Input data:
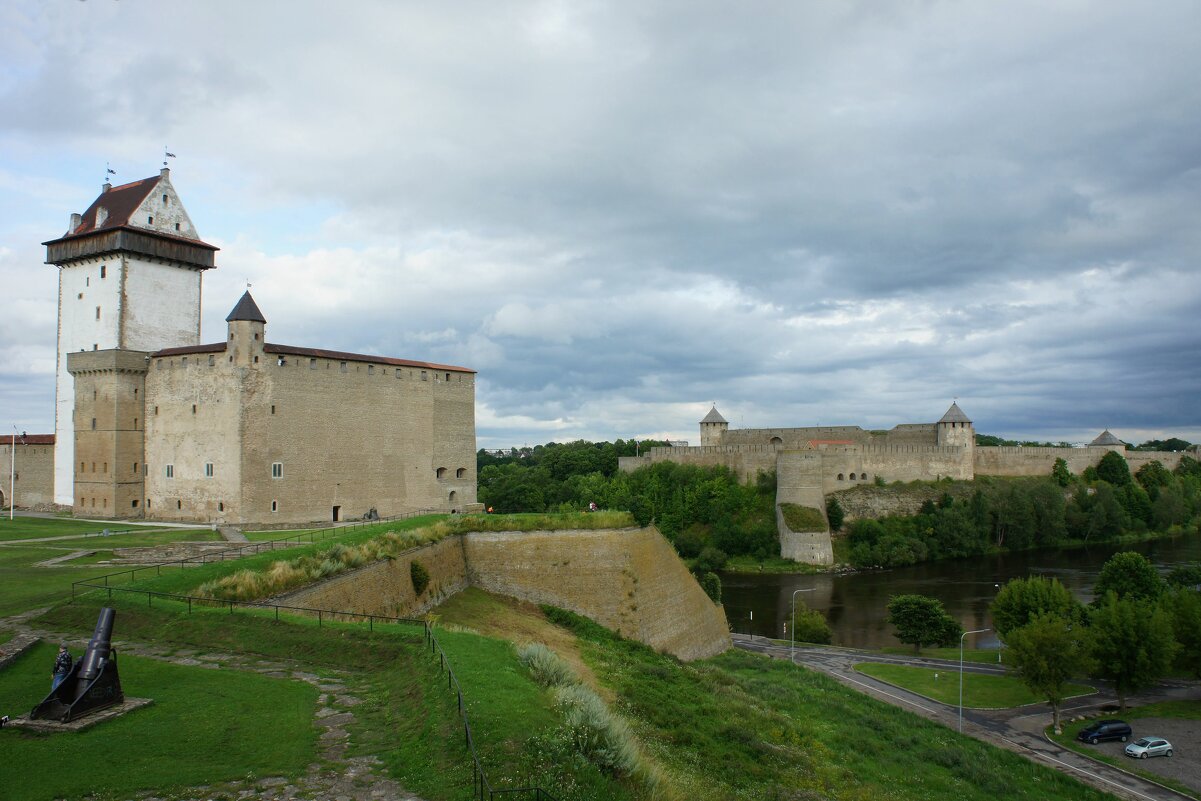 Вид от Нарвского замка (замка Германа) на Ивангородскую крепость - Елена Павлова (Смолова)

* * *

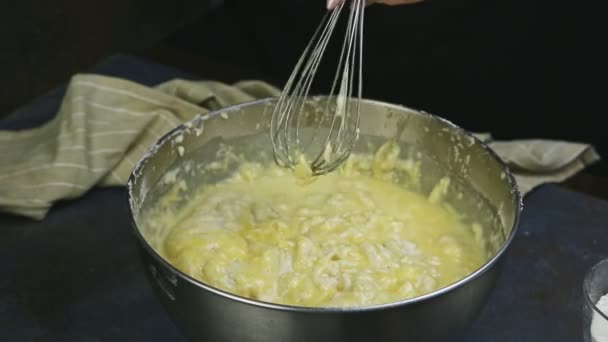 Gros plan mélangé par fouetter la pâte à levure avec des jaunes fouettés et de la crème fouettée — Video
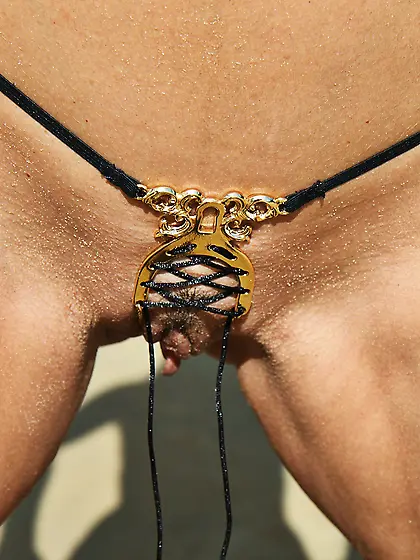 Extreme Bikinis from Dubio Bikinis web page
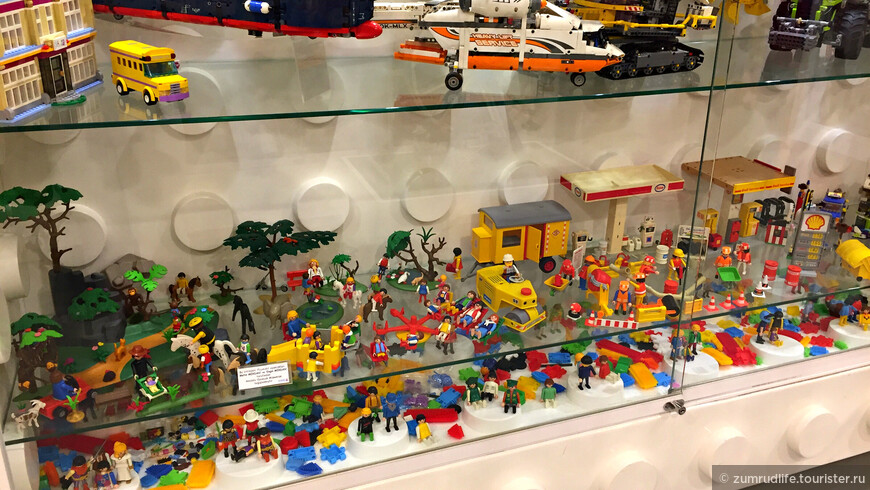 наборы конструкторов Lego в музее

* * *

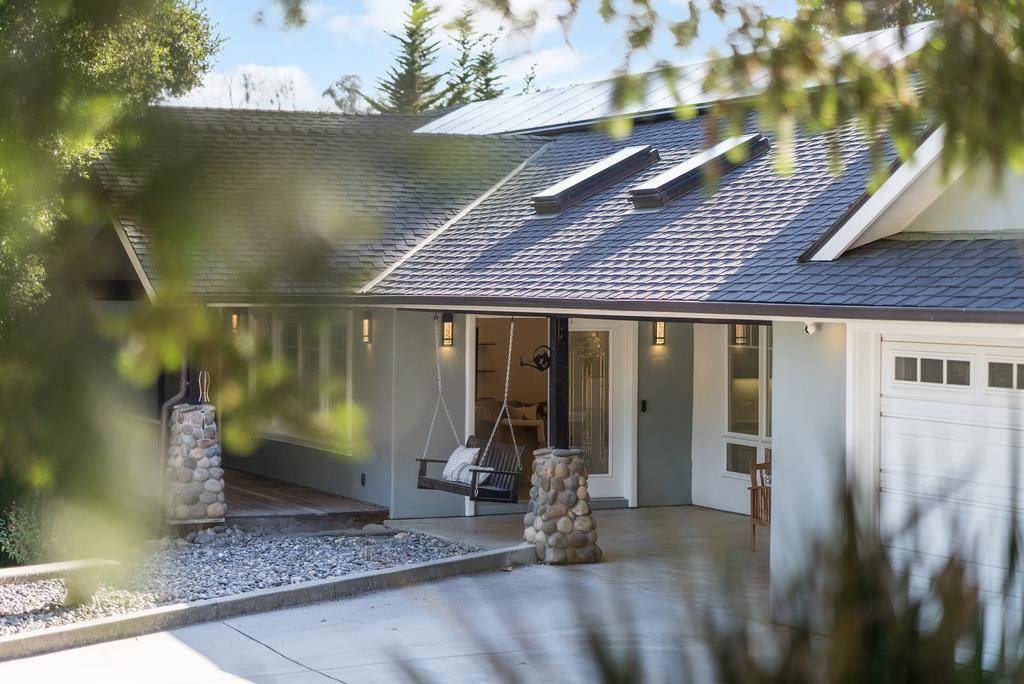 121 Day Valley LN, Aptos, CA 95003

Try it: Only one part of the listing is wanted: the lines from the one containing "Extreme Bikinis from Dubio Bikinis web page" through the one containing "наборы конструкторов Lego в музее", both included. Please transcribe it exactly, leaving out the pictures.

Result:
 Extreme Bikinis from Dubio Bikinis web page
 наборы конструкторов Lego в музее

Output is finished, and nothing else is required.